It’s a messy movie. I still love it though, there’s something in the messiness and the pain that feels real and true. The basic plot, if you’ve never seen it: Harrison Ford plays Dutch, a D.C. Internal Affairs cop and Kristin Scott Thomas plays a Republican Congresswomen. Their spouses have been having an affair and both get on a plane together that ends up crashing. This disaster ripples as the two slowly unravel what has been happening without their knowing and as they do they find a comfort in each other. This is a movie about how we can never really learn all of the secrets that hound us and it’s a movie about trying to move on when you’re entire world has changed.
There are so many stories about problems that happened during the production of this movie. It flopped at the box office. Harrison Ford apparently said after making this movie that he would never work with Sydney Pollack again. I don’t know if he actually said that, but in the ten years since the movie was made they didn’t work together and now Sydney Pollack is dead, so there isn’t a chance to find out otherwise.

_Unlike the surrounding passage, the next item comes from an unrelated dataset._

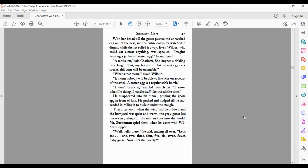With her broad bill, the goose pushed the unhatched egg out of the nest, and the entire company watched in disgust while the rat rolled it away. Even Wilbur, who could eat almost anything, was appalled. Imagine wanting a junky old rotten egg, he murmured. A rat is a rat, said Charlotte. She laughed a tinkling little laugh. But my friends, if that ancient egg ever breaks, this barn will be untenable.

I don’t know what the performers felt like while they were making this movie, or how often the script was changed, or if there was all sorts of turmoil or not on the set; what reads on screen is a mystery that as it continues even deeper into the past we find that they are only chasing shadows … shadows of the people that they thought they knew and the people that they thought they were with these people who died and left them filled with holes. Scott Thomas’s character keeps trying to move on and put the past behind her (and maybe start something new with Dutch) and Ford’s character Dutch can’t let go of the fact that he didn’t know and can’t solve this one mystery.
“You’ll never find what you’re looking for. Ever. You want to know why and there is no why.”